__WHAT TO PRODUCE__
Copy, exactly as written, the lines that begin at the one containing "Everlasting Love Fruit" and end at the one containing "Newspaper diagram for". Skip any pictures in the data below.

__RECORD SET__
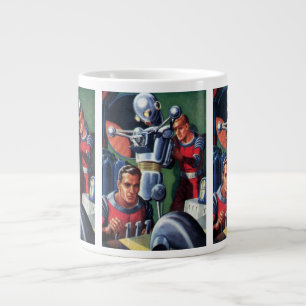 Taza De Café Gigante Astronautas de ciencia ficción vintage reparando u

--

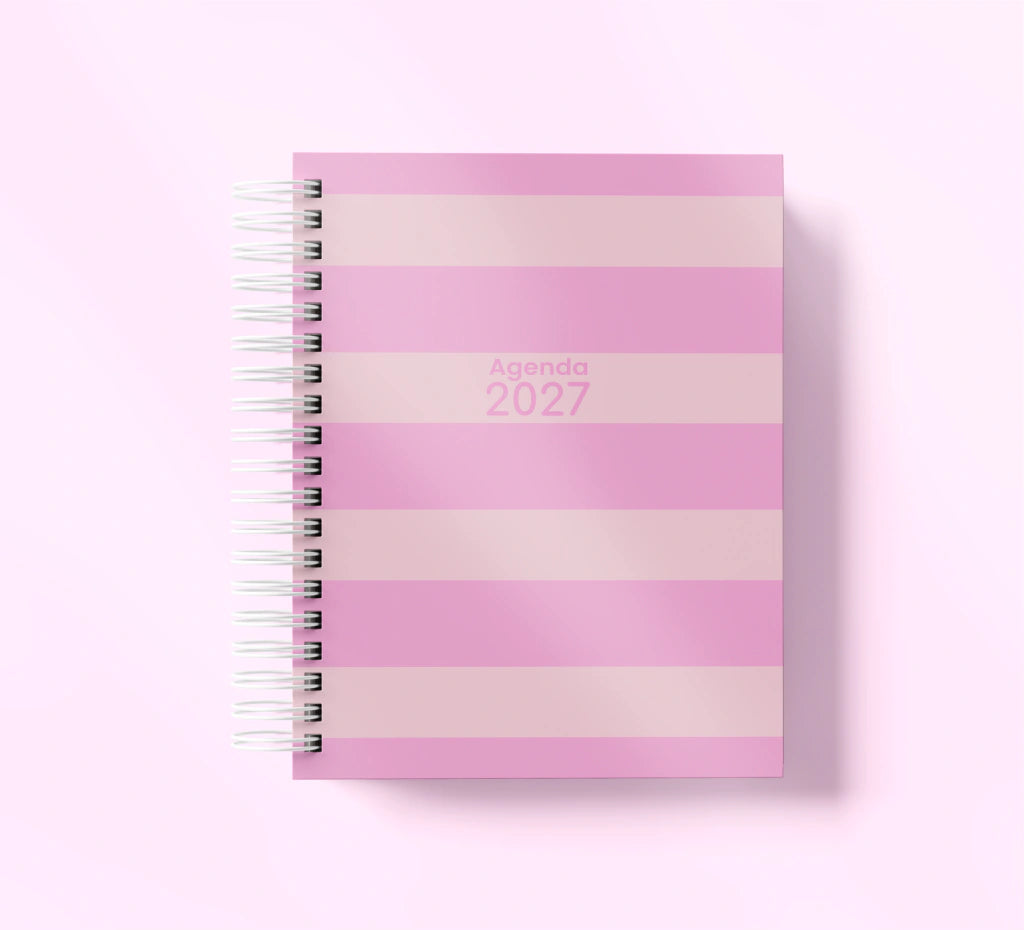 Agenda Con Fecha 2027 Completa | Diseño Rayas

==

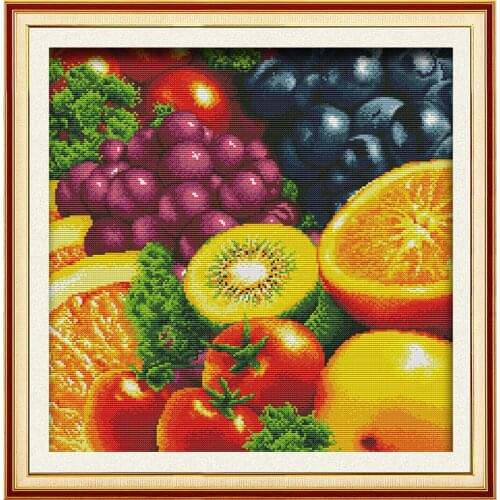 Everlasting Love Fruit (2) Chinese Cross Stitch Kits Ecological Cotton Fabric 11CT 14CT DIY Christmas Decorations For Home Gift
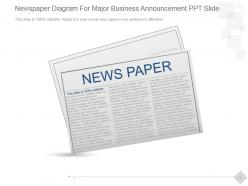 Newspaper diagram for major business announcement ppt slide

__TASK ANSWER__
 Everlasting Love Fruit (2) Chinese Cross Stitch Kits Ecological Cotton Fabric 11CT 14CT DIY Christmas Decorations For Home Gift
 Newspaper diagram for major business announcement ppt slide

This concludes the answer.